I still don't see anything variety specific in this use. The sense you quoted matches that from Webster's. At any rate, neither fits the context of the OP, as I have explained above.


----------



## bearded

manfy said:


> It's probably best to ask BE speakers in the English Only Forum.


Cf. retrieve vs restore #4.


----------



## Hutschi

I see it in following way:

_How can I ever make up for such behaviour?_
= (nearly)
_How can I retrieve the situation?_

Depending on context, both are pragmatically the same.


There is a difference in point of view, and (may be) a psychological difference.

The words are very different, but the phrases mean the same. "What can I do?"


----------



## berndf

Hutschi said:


> _How can I ever make up for such behaviour?_
> = (nearly)
> _How can I retrieve the situation?_
> 
> Depending on context, both are pragmatically the same.
> 
> 
> There is a difference in point of view, and (may be) a psychological difference.


No, it is a material difference between correcting a situation and compensating for it. At any rate we have a concrete context here and _to retrieve_ in the sense of _to correct_ doesn't fit.


----------



## Hutschi

Compensating is one kind of correction and correction is one kind of compensation. It depends on context to be pragmatically the same.

Compensation can be correction.
Correction can be compensation.

This applies in case of situations.

There are cases where compensation does not correct a situation, and there are cases where correcting it does not compensate.

But in very many situations it is practically the same.

To say "I beg your pardon" mostly is compensation and correction. 

*Wie kann ich ein solches Verhalten je wieder gut machen?*

This means pragmatically:

Was kann ich tun, um diese verfahrene Situation zu korrigieren?
Was kann ich tun, um es wieder in Ordnung zu bringen?


I wrote this in German because I fear false friends.

---

Another question is whether it is purely rhetorically. I exclude this here. To say it is a kind of self reference in some cases.
Often the answer is: "Ist schon in Ordnung."

---

In case of things it is even easier.
In shops they have both ways explicitly: Reparieren oder Geld zurück. (Repair or compensate.)
Here we see the difference clearly.

Both is "wiedergutmachen".

---
In case of "Verhalten" and "Was kann ich tun, um es in Ordnung zu bringen?" it includes to compensate and or to repair. 

In German it just does not define it.


----------



## berndf

Hutschi said:


> *Wie kann ich ein solches Verhalten je wieder gut machen?*
> 
> This means pragmatically:
> 
> Was kann ich tun, um diese verfahrene Situation zu korrigieren?
> Was kann ich tun, um es wieder in Ordnung zu bringen?

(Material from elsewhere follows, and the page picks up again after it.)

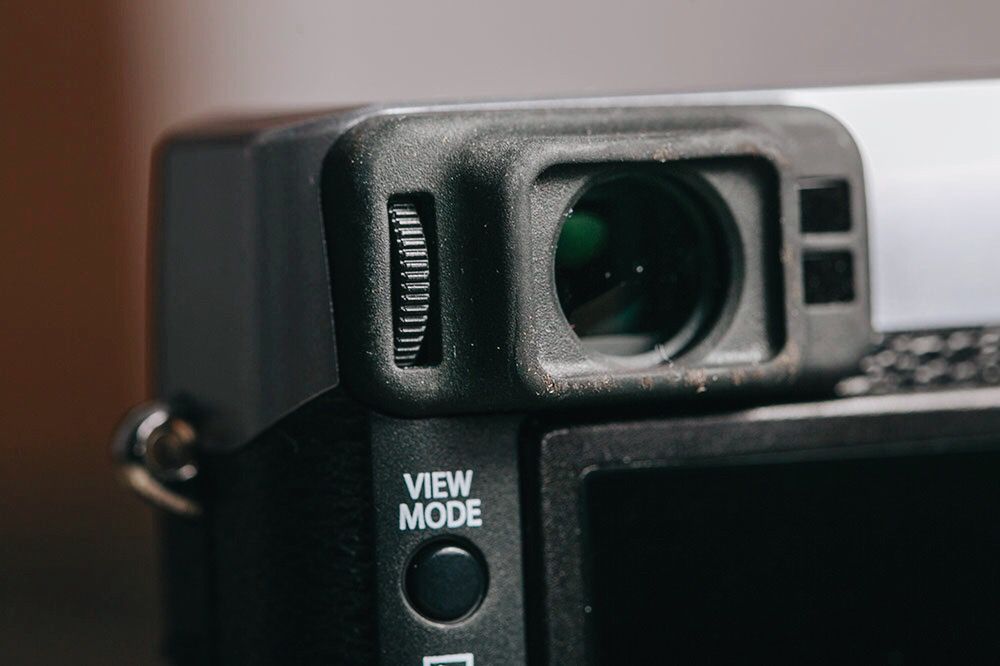 Fujifilm X100T, czyli jak z dobrego zrobić jeszcze lepsze [test] 5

Yes, you "correct" the situation caused by your past behavious but not your past behaviour itself. That is impossible.Therefore you might say you _retrieve the situation_ but you cannot say you _retrieve your behaviour_.


----------



## Hutschi

berndf said:


> Yes, you "correct" the situation caused by your past behavious but not your past behaviour itself.




Wie kann ich ein solches Verhalten je wieder gut machen?

This does not mean: Verhalten in der Vergangenheit ändern.

It means Wie kann ich mich in Zukunft verhalten, um solche Sachen zu vermeiden *und*_ Was kann ich jetzt oder später tun, um die Situation in Ordnung zu bringen_? In my mind it is to repair and or compensate and to avoid.

(I forgot the "to avoid in future" aspect.)


----------